**Information provided**

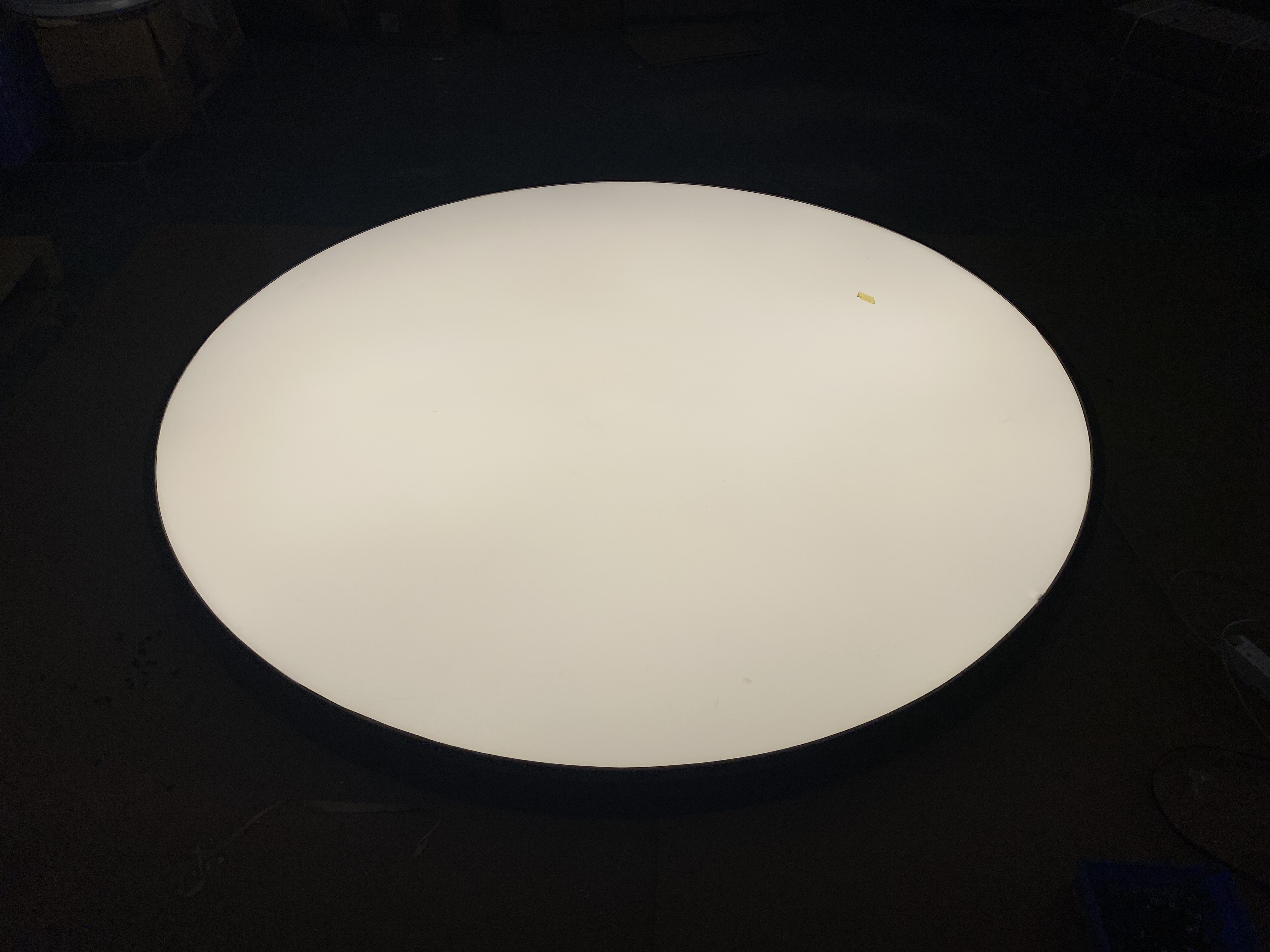 تركيب ضوء السقف الأكريليك من القماش الناعم للأشعة فوق البنفسجية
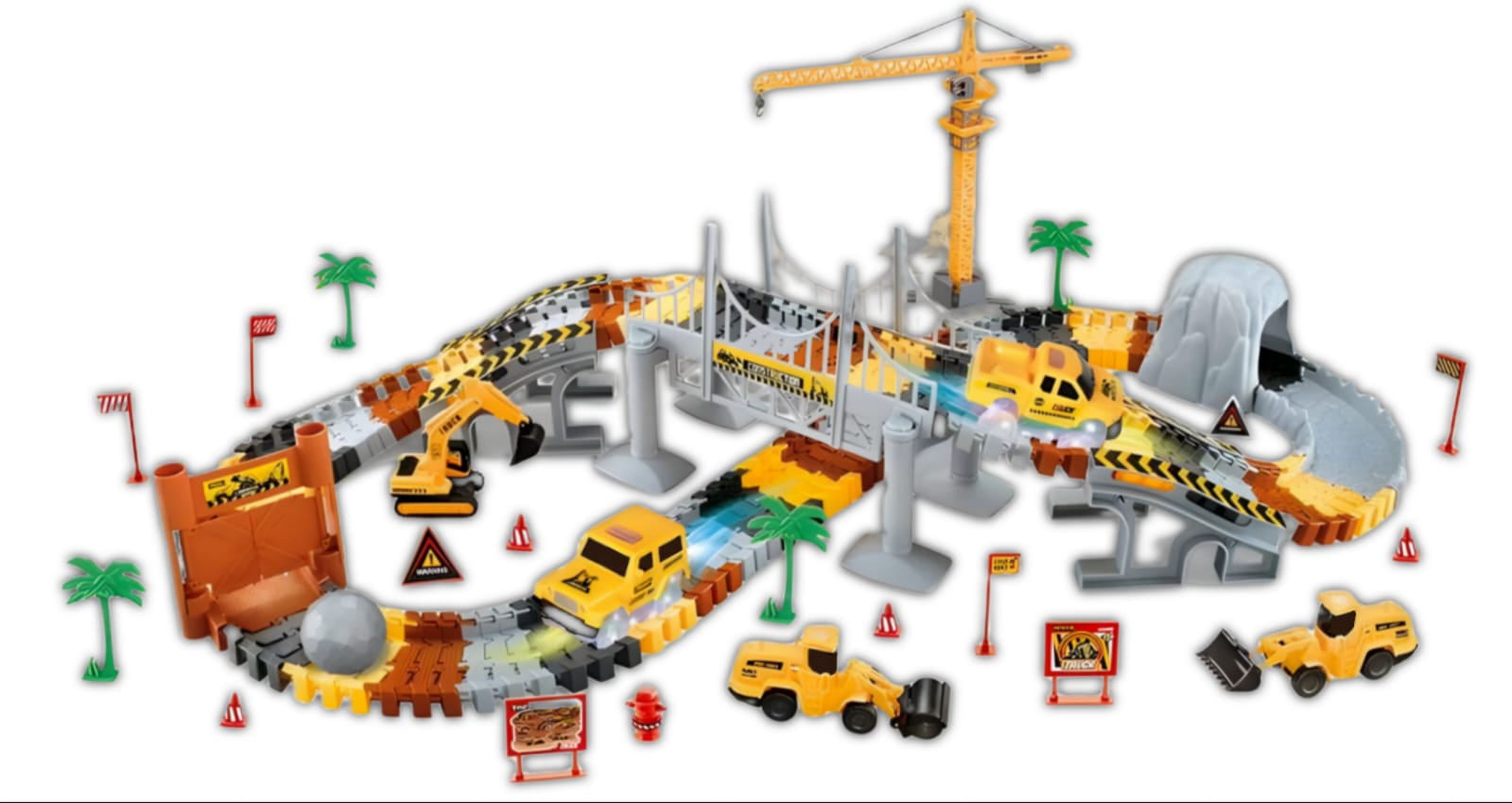 Genérica - Pista De Ingeniería 177Piezas Con Auto Y Luces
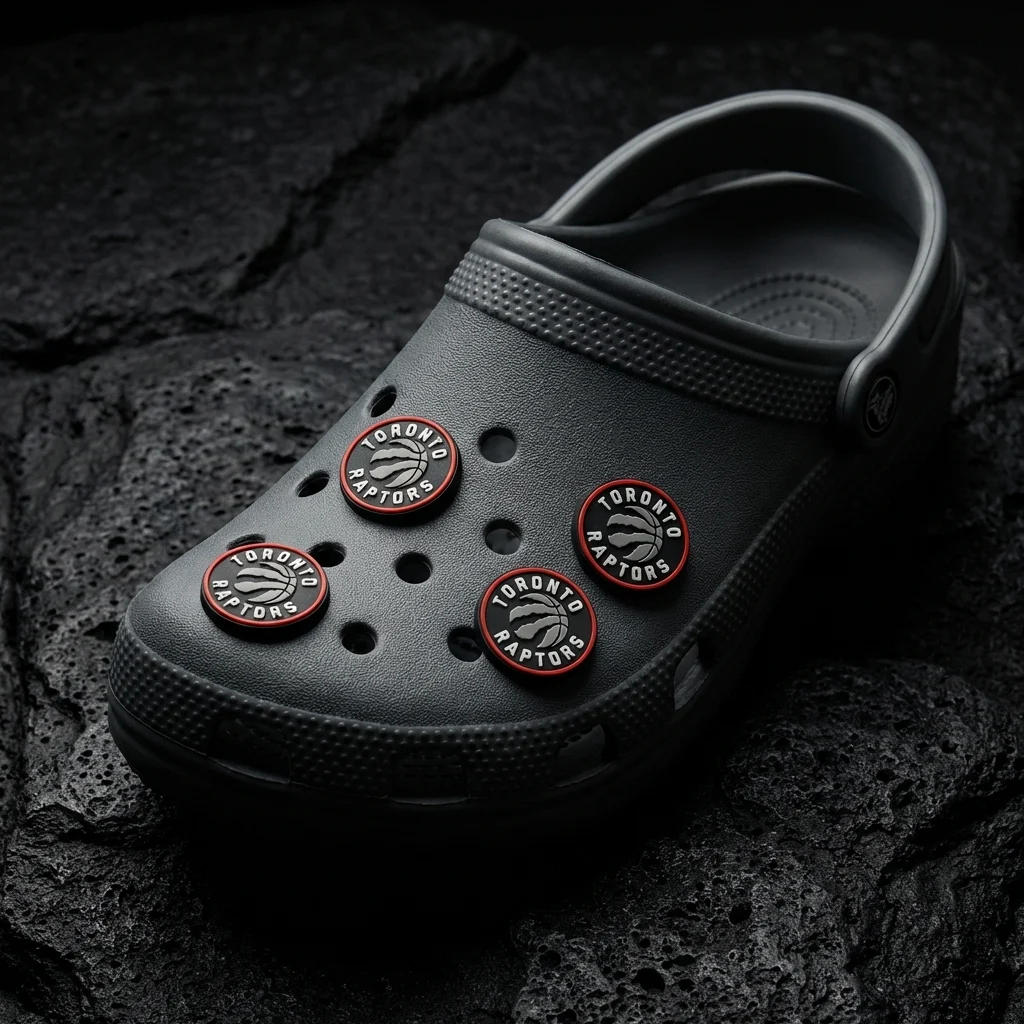 Toronto Raptors Logo For Jibbitz-Crocs Charms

**Directions**
Starting with the line that contains "Genérica - Pista" and ending with the last line of the material, every line must be written out exactly; no other lines and no pictures are wanted.

**Response box**
 Genérica - Pista De Ingeniería 177Piezas Con Auto Y Luces
 Toronto Raptors Logo For Jibbitz-Crocs Charms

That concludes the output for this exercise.